"To Boldly Go where No One has Gone Before." -- Professor Stephen Hawking ended his 2008-04-21, NASA Lecture on Why go into Space?
By Tyler O’Neal -- In honor of the new Star Trek movie being released today, I wrote a story about spacecraft design in the real-world. Star Trek takes place in a quasi-utopian society where the central role is played not by money, but rather by the need for exploration and knowledge.
NASA has recruited the outstanding professionals at Orbital Sciences Corporation to perform fundamental research aimed at producing a novel understanding and design for the next-generation spacecraft.
The company wants to make space technology more affordable, accessible and useful to millions of people on Earth.
HP technology is driving the future of space exploration and knowledge at Orbital.
In order to deliver successful products on time to NASA, Orbital’s engineers have deployed an HP Cluster Platform 4000BL (CP4000BL) supercomputing cluster because it is powerful and reliable enough to run their highly complex computational fluid dynamics (CFD) analyses.
This system is the most popular solution in supercomputing today. In fact, the readers selected HP BladeSystem c-Class blade servers for the 2006 Product of the Year Award.
“The analyses we run are some of the most complicated equations in physics; therefore, they demand extraordinary computational power. The HP Cluster Platform provides us with the high performance and reliability we need to precisely simulate flight situations,” said Dr. Luis Bermudez, Orbital Engineer.
Prior to the HP blade cluster installation, Orbital ran its CFD on an in-house symmetric multiprocessing (SMP) system. As the amount and complexity of work increased, Orbital realized they needed more supercomputing power.

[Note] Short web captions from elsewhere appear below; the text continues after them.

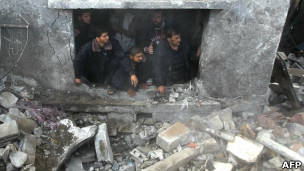 Palestinos em meio aos destroços de uma casa alvejada na Cidade de Gaza, neste domingo (AFP)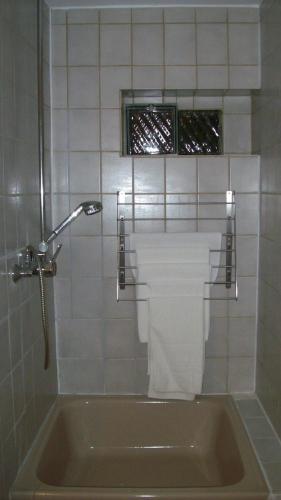 a bathroom with a tub and a toilet and a window at Dormitorium Kaarst Wohnraum auf Zeit in Kaarst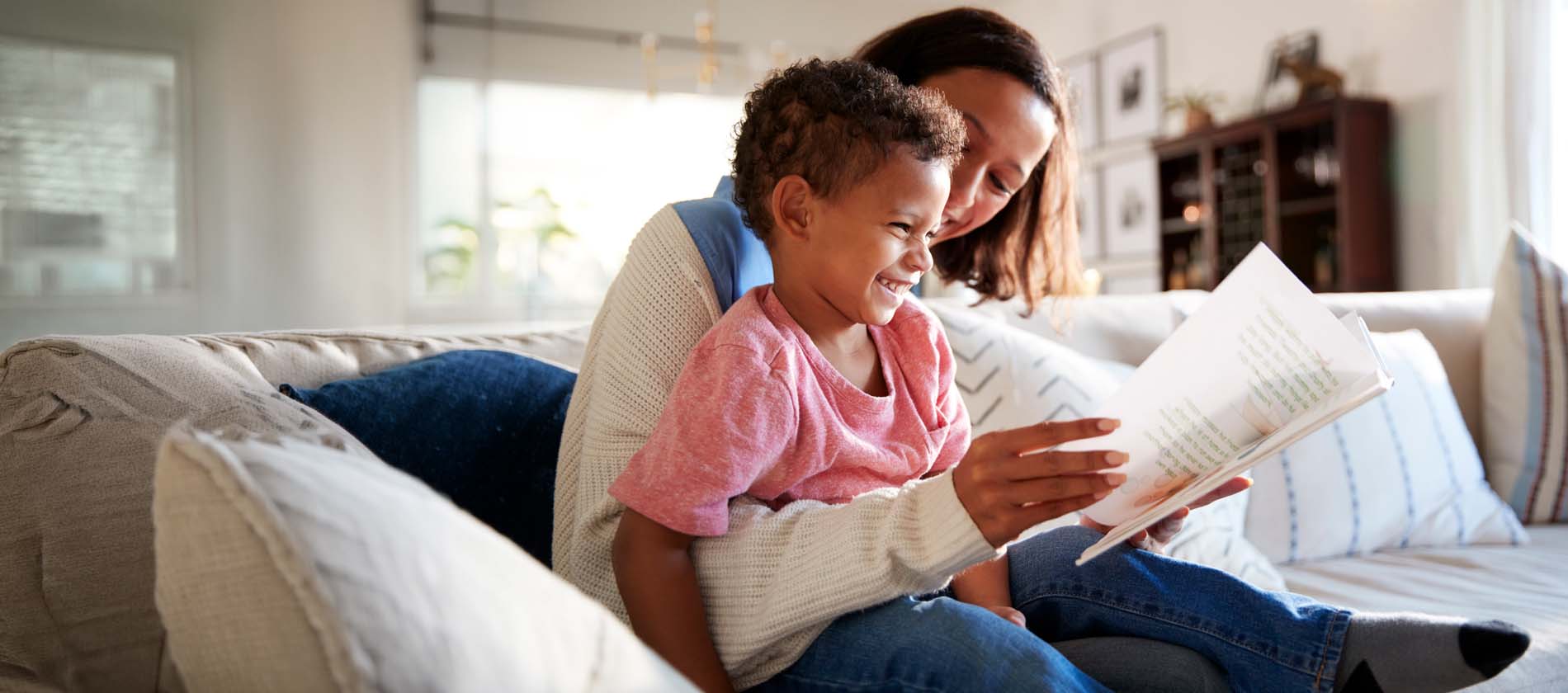 A parent and child read together at home, reflecting comfort, recovery, and quality of life after pediatric neurosurgery care.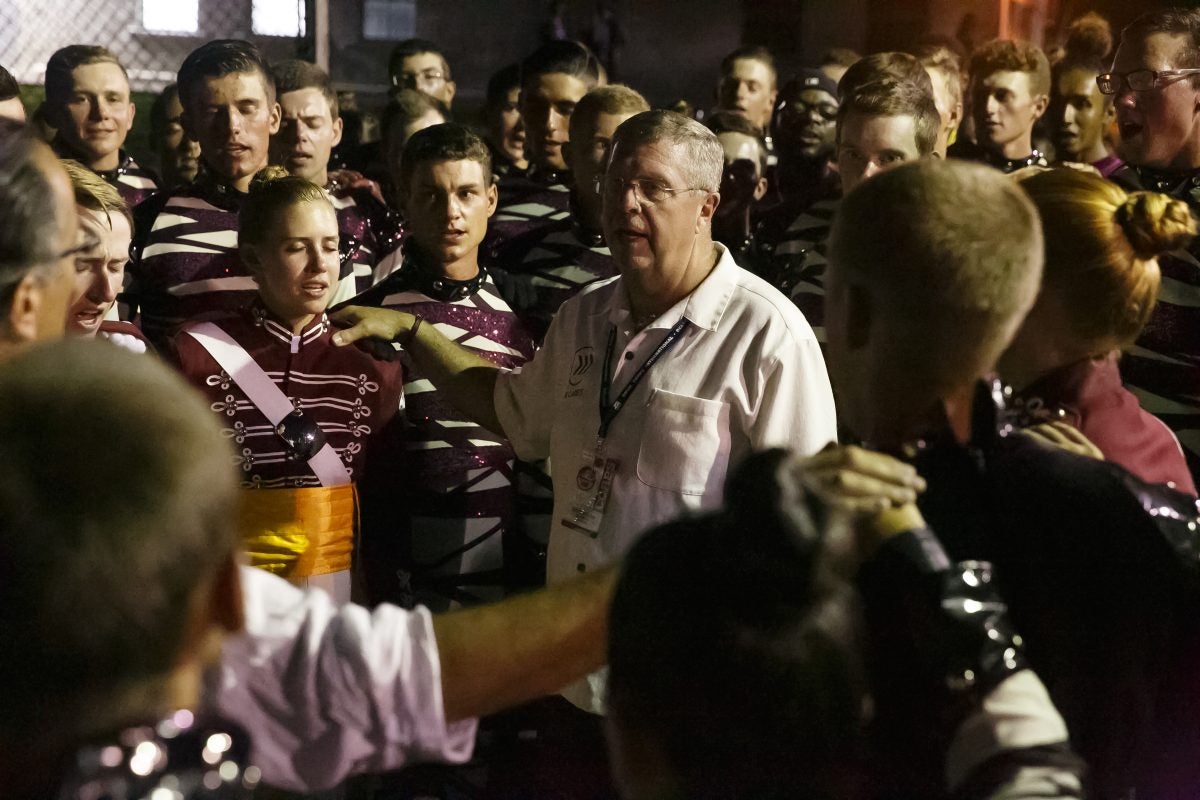 Cadets Director Scott Litzenberg, center, leads the Cadets in the singing of their song, "O Holy Name," before their first home performance of the summer. Litzenberg marched with the Cadets in 1982 and 1983.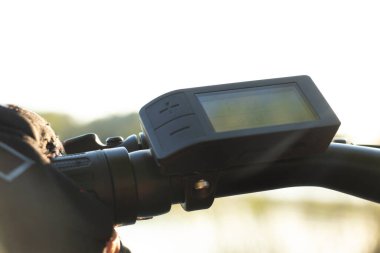 Siyah eldivenli bir kadın, parkta bir elektronik bisikletin direksiyonunu tutuyor, e-bisiklet sürüyor, bisikletin üzerinde dinleniyor.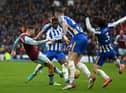 Josh Brownhill of Burnley scores their side's second goal during the Premier League match between Brighton & Hove Albion and Burnley at American Express Community Stadium on February 19, 2022 in Brighton, England.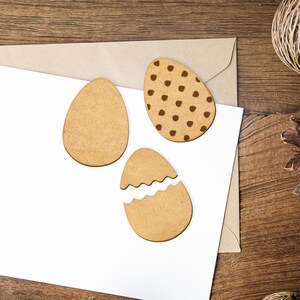 May include: Three wooden Easter egg shapes on a white background. One egg is plain, one has brown polka dots, and one is cracked open.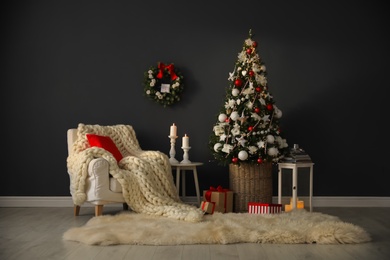Beautiful Christmas themed photo zone. Cozy living room interior imitation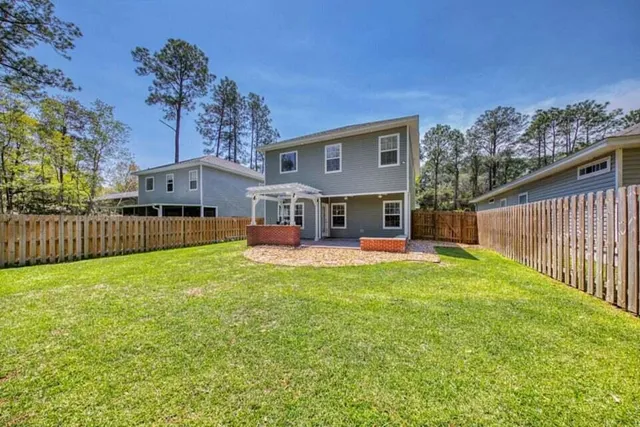 a view of a house with backyard and a tree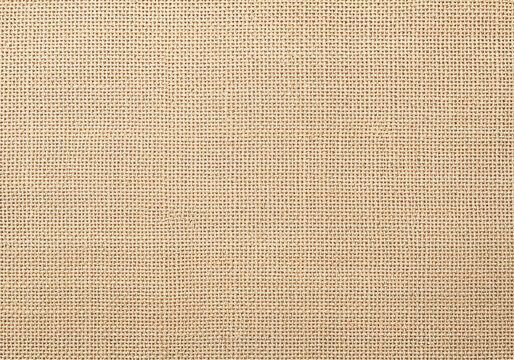Natural burlap fabric texture with a woven pattern and earthy beige tones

• Commercial CFD structured flow solvers
• NASA/US DoD CFD applications
• Pre/Post processing tools
• Moab Cluster Suite provides Web-based job management, graphical cluster administration and management reporting tools
Primary system software
• Red Hat Enterprise Linux 4/5
• Open MPI Message Passing Libraries
• HP Cluster Platform CP4000BL
– 3x c7000 BladeSystem enclosures
– 24 nodes; each dual-processor HP ProLiant BL465c
– InfiniBand interconnect
• HP Personal Workstations:
– HP xw8200 Workstations
– HP xw8400 Workstations
• HP Care Pack Services
• Standard start-up & implementation services
Dr. Bermudez went on to explain that Orbital is responsible for validating the design assumptions developed by NASA. The design assumptions involve extremely complex flow fields, resulting in enormous computational problems.
“We must numerically simulate the flow fields, creating a virtual wind tunnel in our computer,” said Bermudez. “These analyses are some of the most complicated equations describing our physical world, therefore they demand extraordinary computation power.”
“It is important for us to have an extremely reliable system. Some of the analyses we run can take 2-3 weeks, so we can’t tolerate system downtime interruptions,” said Dr. Luis Bermudez.
Before selecting HP, Orbital looked at several competing solutions. “In the past we have tested our application on different platforms, and HP always outperformed,” Bermudez stated. “We wanted a distributed memory system that was also powerful and reliable. The HP CP4000BL proved to be the best choice. It provides us with the high performance and reliability we need to precisely simulate flight situations.”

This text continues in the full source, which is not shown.